Humor, injected into the process by the mediators in an appropriate way, can soften all of these attitudes and help the parties move forward. I know a mediator who, during the opening phase will sometimes note that the bathrooms are down the hall to the left, “but no one is allowed to go there until we have reached resolution.” This unexpected, and absurd, statement is most always appreciated by the parties as an effort to lighten the moment. It serves to ease tensions a little, brings on some smiles, and in a way reinforces the commitment to actually work hard toward finding a resolution. It underscores in a humorous way the “why” everyone has come to the table.

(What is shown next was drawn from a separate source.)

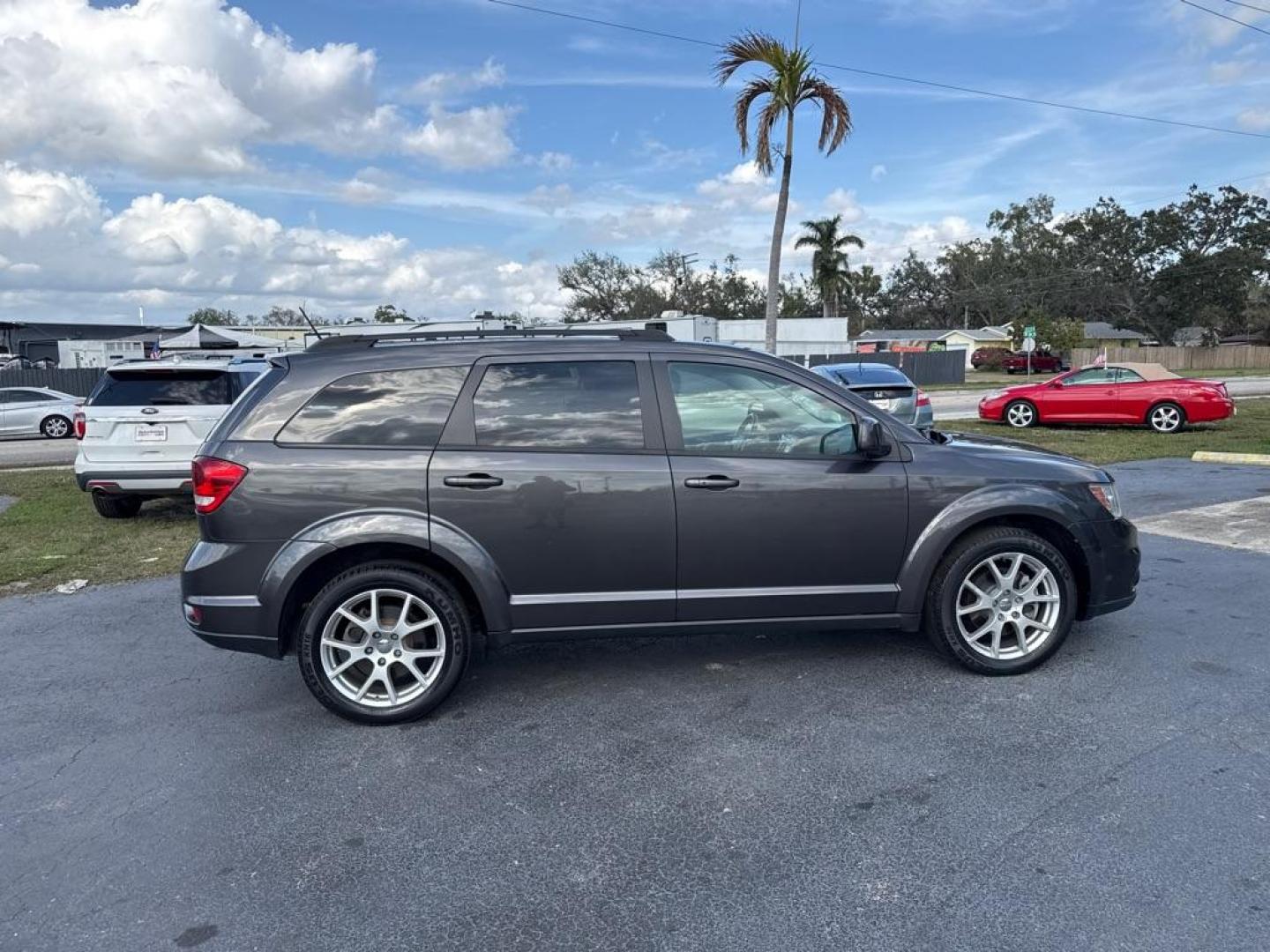 2016 GRAY DODGE JOURNEY SXT (3C4PDCBG1GT) with an 3.6L engine, Automatic transmission, located at 2929 9th St. West, Bradenton, 34205, (941) 242-2810, 27.473591, -82.570679 - Thanks for inquring into DriveNation USA! All vehicles listed can be viewed at www.drivenationusa.com for vehicle history reports and additonal info. We cannot quote any terms such as down payments or monthly payments without an application. You can apply directly at www.drivenationusa.com or by con - Photo#8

A good mediator skill is to be able to recognize when and how to inject humor, in a respectful way, into the process. This is not always easy, as it involves taking a risk that the humor won’t be well accepted. But mediating well is a process of risk taking, as Kenneth Cloke notes in Mediating Dangerously. Used with care and respect, humor can be a powerful tool in the mediators kit.
And sometimes the participants in the process will rise to the occasion and inject their own healing humorous comments:
Consider the husband and wife who were on one side of a mediation involving a dispute over the division of the proceeds from the sale of real estate. The “other side” had made an offer,, and in caucus with the 3 panel mediators they were considering the merits of the offer vs the merits of proceeding with the litigation. The wife stated that it would “be smart” to reject the offer and proceed with litigation in order to effect a larger settlement. The husband said, (responding to the “smarter” issue) that he “would rather say that “I is” a millionaire than that “I am” poverty stricken.” In the context of the seriousness of the matter, this comment relieved tension, provoked a lot of laughter all around, from the wife as well as the mediators, and allowed the matter to resolve within the space of 15 minutes.
Humor as a form of communication can and should, in appropriate situations, be considered as a part of mediation. Sometimes it is a natural consequence of the process when the parties work through their anxieties and begin to understand one another, and gain perspective of their dispute. Humor allows disputants to connect with each other through the commonality of understanding of what is funny, and their sense of a new and different perspective of their dispute. As noted, humor can be a cure for anxiety, fear, hurt, —in this context it is an ideal tool for the mediation process.